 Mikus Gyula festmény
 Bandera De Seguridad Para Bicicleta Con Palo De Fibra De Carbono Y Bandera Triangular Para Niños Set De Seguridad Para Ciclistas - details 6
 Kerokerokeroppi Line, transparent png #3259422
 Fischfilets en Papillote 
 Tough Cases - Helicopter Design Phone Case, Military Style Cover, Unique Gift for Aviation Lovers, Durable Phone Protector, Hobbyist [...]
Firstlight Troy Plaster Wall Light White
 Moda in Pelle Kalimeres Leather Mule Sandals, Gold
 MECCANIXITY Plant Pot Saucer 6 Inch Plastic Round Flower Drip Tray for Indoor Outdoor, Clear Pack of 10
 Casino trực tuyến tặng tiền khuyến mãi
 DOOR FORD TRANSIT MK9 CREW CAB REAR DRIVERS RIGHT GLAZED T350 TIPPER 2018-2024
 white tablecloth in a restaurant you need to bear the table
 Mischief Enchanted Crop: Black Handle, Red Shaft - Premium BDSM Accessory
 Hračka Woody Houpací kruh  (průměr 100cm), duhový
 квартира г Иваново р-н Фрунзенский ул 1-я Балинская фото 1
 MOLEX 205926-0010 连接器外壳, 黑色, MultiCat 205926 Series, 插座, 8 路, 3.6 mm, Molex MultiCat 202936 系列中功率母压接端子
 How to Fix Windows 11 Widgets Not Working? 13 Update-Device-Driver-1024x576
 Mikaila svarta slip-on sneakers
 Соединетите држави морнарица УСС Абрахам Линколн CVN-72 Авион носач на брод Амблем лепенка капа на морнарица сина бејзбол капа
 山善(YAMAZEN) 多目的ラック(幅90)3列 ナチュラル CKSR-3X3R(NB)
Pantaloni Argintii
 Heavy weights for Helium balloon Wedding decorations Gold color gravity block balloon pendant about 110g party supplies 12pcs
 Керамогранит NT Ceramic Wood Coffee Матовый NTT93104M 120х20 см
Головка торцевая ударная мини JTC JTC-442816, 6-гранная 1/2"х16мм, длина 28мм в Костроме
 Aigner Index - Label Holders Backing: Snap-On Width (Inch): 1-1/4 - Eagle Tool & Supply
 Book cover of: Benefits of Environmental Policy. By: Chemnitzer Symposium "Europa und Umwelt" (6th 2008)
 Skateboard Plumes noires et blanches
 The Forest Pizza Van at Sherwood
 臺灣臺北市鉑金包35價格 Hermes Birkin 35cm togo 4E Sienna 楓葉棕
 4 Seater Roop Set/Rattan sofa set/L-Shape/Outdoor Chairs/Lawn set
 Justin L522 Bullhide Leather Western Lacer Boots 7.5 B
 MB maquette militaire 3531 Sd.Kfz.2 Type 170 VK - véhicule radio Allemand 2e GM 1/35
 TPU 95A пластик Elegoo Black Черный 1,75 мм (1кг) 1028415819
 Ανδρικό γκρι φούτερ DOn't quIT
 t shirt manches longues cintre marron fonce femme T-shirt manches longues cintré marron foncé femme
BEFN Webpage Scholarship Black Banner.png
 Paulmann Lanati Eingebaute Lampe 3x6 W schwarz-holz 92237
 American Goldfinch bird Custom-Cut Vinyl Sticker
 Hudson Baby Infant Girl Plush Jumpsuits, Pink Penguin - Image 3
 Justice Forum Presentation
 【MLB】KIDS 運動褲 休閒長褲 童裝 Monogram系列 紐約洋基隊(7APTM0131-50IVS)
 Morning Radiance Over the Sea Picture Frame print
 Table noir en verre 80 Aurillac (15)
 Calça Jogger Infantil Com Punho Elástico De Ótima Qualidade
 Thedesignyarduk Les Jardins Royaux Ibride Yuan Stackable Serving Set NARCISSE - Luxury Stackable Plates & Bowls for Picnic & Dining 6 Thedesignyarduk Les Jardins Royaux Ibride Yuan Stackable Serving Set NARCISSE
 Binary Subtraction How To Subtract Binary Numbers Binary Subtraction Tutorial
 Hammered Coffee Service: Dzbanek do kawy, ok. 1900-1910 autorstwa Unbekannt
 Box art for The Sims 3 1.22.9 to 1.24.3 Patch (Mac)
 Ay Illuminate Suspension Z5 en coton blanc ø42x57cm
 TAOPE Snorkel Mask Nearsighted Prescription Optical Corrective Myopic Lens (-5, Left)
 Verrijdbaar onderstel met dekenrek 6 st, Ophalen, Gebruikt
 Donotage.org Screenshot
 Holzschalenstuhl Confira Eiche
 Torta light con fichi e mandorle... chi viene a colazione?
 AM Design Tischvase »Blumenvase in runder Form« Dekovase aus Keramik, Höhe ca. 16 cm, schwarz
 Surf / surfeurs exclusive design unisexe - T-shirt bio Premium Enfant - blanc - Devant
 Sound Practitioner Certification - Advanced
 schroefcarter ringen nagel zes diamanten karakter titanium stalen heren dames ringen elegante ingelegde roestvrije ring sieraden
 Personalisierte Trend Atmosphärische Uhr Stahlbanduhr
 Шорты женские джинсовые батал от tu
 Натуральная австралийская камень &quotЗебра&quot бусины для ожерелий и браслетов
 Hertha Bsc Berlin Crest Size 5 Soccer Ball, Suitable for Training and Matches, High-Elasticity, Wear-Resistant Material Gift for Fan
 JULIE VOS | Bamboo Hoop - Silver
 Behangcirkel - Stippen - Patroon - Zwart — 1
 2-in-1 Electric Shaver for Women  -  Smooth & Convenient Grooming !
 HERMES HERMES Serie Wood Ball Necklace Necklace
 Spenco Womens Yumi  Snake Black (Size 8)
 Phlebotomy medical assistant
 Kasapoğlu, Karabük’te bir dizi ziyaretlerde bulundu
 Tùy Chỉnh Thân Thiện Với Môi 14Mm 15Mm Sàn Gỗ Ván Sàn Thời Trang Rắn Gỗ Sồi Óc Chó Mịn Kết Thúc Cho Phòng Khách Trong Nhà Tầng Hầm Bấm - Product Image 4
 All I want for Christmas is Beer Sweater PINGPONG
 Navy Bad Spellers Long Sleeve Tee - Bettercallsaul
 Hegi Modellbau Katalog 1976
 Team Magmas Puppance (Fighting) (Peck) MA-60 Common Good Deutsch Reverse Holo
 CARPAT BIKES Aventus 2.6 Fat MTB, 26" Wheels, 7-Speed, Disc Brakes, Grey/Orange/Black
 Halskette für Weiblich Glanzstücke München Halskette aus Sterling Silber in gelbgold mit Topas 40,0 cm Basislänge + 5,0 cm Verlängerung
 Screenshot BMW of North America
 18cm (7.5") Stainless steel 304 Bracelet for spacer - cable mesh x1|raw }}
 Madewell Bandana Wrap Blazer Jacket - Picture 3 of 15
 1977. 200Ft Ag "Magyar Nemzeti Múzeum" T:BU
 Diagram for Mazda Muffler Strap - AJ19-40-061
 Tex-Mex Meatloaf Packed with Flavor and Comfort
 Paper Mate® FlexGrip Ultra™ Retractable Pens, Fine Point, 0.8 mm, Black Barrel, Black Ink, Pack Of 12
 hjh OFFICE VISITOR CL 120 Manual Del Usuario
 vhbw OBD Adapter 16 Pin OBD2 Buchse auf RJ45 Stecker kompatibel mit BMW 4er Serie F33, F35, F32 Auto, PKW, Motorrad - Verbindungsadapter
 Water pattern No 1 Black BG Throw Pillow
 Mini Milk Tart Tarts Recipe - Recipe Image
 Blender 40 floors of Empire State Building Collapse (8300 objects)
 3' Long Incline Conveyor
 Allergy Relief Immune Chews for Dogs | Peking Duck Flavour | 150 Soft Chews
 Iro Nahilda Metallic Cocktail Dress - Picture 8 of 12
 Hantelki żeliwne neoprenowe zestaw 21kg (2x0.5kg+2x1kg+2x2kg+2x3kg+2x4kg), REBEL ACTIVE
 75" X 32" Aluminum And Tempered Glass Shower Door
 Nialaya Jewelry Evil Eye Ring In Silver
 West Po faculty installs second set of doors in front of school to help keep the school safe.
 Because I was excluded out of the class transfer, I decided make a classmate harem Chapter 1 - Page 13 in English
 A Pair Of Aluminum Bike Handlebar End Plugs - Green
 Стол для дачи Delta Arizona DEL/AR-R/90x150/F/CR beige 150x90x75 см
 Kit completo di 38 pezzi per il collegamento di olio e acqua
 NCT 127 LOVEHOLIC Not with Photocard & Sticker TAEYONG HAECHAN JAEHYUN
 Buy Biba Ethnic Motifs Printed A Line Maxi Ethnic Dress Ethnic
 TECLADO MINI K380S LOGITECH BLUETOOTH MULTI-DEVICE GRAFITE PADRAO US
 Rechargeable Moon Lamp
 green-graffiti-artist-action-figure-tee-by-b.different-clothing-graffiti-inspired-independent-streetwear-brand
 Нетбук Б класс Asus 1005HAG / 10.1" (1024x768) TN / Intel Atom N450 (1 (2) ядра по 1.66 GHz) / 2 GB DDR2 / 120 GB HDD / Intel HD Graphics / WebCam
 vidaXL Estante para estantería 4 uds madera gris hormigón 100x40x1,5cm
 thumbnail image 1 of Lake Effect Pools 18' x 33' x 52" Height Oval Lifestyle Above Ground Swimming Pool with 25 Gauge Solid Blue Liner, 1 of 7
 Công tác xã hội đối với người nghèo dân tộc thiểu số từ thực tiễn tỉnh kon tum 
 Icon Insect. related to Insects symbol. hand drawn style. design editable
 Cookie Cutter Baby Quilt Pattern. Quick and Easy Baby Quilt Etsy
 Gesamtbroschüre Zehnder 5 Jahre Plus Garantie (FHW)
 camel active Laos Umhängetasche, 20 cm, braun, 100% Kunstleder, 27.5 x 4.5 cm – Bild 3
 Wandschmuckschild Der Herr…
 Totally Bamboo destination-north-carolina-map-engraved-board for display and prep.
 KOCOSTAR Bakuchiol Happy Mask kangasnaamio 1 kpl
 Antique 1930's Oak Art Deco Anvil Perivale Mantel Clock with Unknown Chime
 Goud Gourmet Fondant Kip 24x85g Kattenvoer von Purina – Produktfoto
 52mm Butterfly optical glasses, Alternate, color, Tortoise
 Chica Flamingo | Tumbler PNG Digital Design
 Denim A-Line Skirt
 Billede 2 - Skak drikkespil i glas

▬▬▬▬▬▬▬▬▬▬

■ What the task requires: Select every line of the material above holding the word "schwarz" and copy it.

■ Answer box:
 Paulmann Lanati Eingebaute Lampe 3x6 W schwarz-holz 92237
 AM Design Tischvase »Blumenvase in runder Form« Dekovase aus Keramik, Höhe ca. 16 cm, schwarz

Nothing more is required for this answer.